Recent releases¶

v2.1.3¶

Minor compatibility fixes

v2.1.2¶

Minor compatibility fixes

v2.1.1¶

Windows support in serial mode (do not require faster-fifo on Windows)
Allow Torch 2 (versions 2.0.1+ seem to work fine)

v2.1.0¶

Use gymnasium instead of gym dependency. See https://gymnasium.farama.org/content/basic_usage/ New compatibility layer added to automatically convert legacy gym environments to gymnasium environments. Still, it is likely that some of the user code will need to be manually updated to use gymnasium instead of gym. Apologies for the inconvenience, but hopefully this is the last major change before Gym API finally stabilizes.

v2.0.3¶

Added cfg parameters --lr_adaptive_min and --lr_adaptive_max to control the minimum and maximum adaptive learning rate
Added Brax environment support + custom brax renderer for enjoy scripts
Automatically set --recurrence based on feed-forward vs RNN training
Added --enjoy_script and --train_script for generating the model card when uploading to the Hugging Face Hub (thank you Andrew!)
Fixed video name when generating Hugging Face model card
Fixed small DMLab-related bug (thank you Lucy!)

v2.0.2¶

cfg.json renamed to config.json for consistency with other HuggingFace integrations
We can still load from legacy checkpoints (cfg.json will be renamed to config.json)
Fixed a bug in enjoy.py with multi-agent envs

v2.0.1¶

Added MuJoCo & IsaacGym examples to the PyPI package
Added missing __init__.py files

v2.0.0¶

Major update, adds new functionality, changes API and configuration parameters

Major API update, codebase rewritten from scratch for better maintainability and clarity
Synchronous and asynchronous training modes
Serial and parallel execution modes
Support for vectorized and GPU-accelerated environments in batched sampling mode
Integration with Hugging Face Hub
New environment integrations, CI, and 40+ documentation pages

See v1 to v2 transition guide for details.

v1.121.4¶

Support Weights and Biases (see section "WandB support")

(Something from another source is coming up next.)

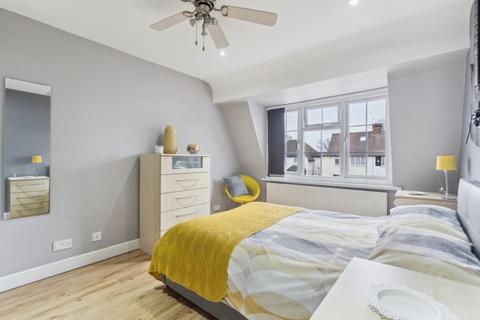 335 Longstone Road, Iver, SL0 0RN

More configurable population-based training: can set from command line whether or not to mutate gamma, plus the perturbation magnitude for all float hyperparams can also be set from command line:

--pbt_optimize_gamma: Whether to optimize gamma, discount factor, or not (experimental) (default: False)
--pbt_perturb_min: When PBT mutates a float hyperparam, it samples the change magnitude randomly from the uniform distribution [pbt_perturb_min, pbt_perturb_max] (default: 1.05)
--pbt_perturb_max: When PBT mutates a float hyperparam, it samples the change magnitude randomly from the uniform distribution [pbt_perturb_min, pbt_perturb_max] (default: 1.5)

v1.121.3¶

Fixed a small bug related to population-based training (a reward shaping dictionary was assumed to be a flat dict, while it could be a nested dict in some envs)

v1.121.2¶

Fixed a bug that prevented Vizdoom *.cfg and *.wad files from being copied to site-packages during installation from PyPI
Added example on how to use custom Vizdoom envs without modifying the source code (sample_factory_examples/train_custom_vizdoom_env.py)

v1.121.0¶

Added fixed KL divergence penalty as in https://arxiv.org/pdf/1707.06347.pdf Its usage is highly encouraged in environments with continuous action spaces (i.e. set --kl_loss_coeff=1.0). Otherwise numerical instabilities can occur in certain environments, especially when the policy lag is high
More summaries related to the new loss

v1.120.2¶

More improvements and fixes in runner interface, including support for NGC cluster

v1.120.1¶

Runner interface improvements for Slurm

v1.120.0¶

Support inactive agents. To deactivate an agent for a portion of the episode the environment should return info={'is_active': False} for the inactive agent. Useful for environments such as hide-n-seek.
Improved memory consumption and performance with better shared memory management.
Experiment logs are now saved into the experiment folder as sf_log.txt
DMLab-related bug fixes (courtesy of @donghoonlee04 and @sungwoong. Thank you!)